I waited around for another hour or so but didn't see or hear anything that encouraged me to stay longer but I did take a couple of shots of a big stardard chiff to use as a comparison in this blog.
Here are a few images. Most were when it sat in the open for about 5 seconds and one where it came through the scrub.
The first shot is of a standard chiff (collybita):
Typical brownish head, yellow in the supercillium and a lot of yellow on the flanks and a two tone beak.
Here's the tristis:
An altogether duller looking bird with pale grey/brown head and back and a green tinge to the wings but the flank/undersides are very pale/white rather the "buff" suggested in Collins though, as said before, this shot was taken in bright sunlight.
What this and all the following shots show very clearly is the lack of yellow in the face and flanks seen in collybita.
In the field I must say it actually looked more grey and green (wings) than depicted in these shots.
A few more images:
....and in this shot some of the secondaries appear to be very pale.(again not mentioned in Collins)

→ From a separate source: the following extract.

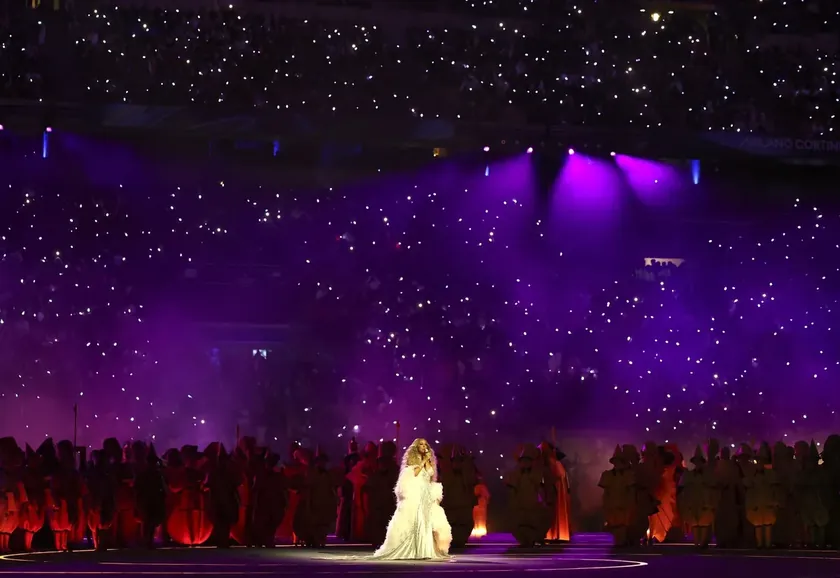 İtalya Kış Olimpiyatları açılış töreninde Mariah Carey performansı eleştirilerle karşılaştı.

This shot was where it came through the scrub and appeared for a second quite close (though obscured). Again the grey head and the green tinge to the wings are very clear as is the lack of yellow on the face/flanks. Also note the wing tips have lost the whiteness shown in the above shots.
The final picture I'm going to post is actually another collybita taken at Kingsdown several years ago but this one was atypical in that it was pale and quite grey like a tristis but with a lot of yellow flecks over the flanks face and even it's back (making it a collibita).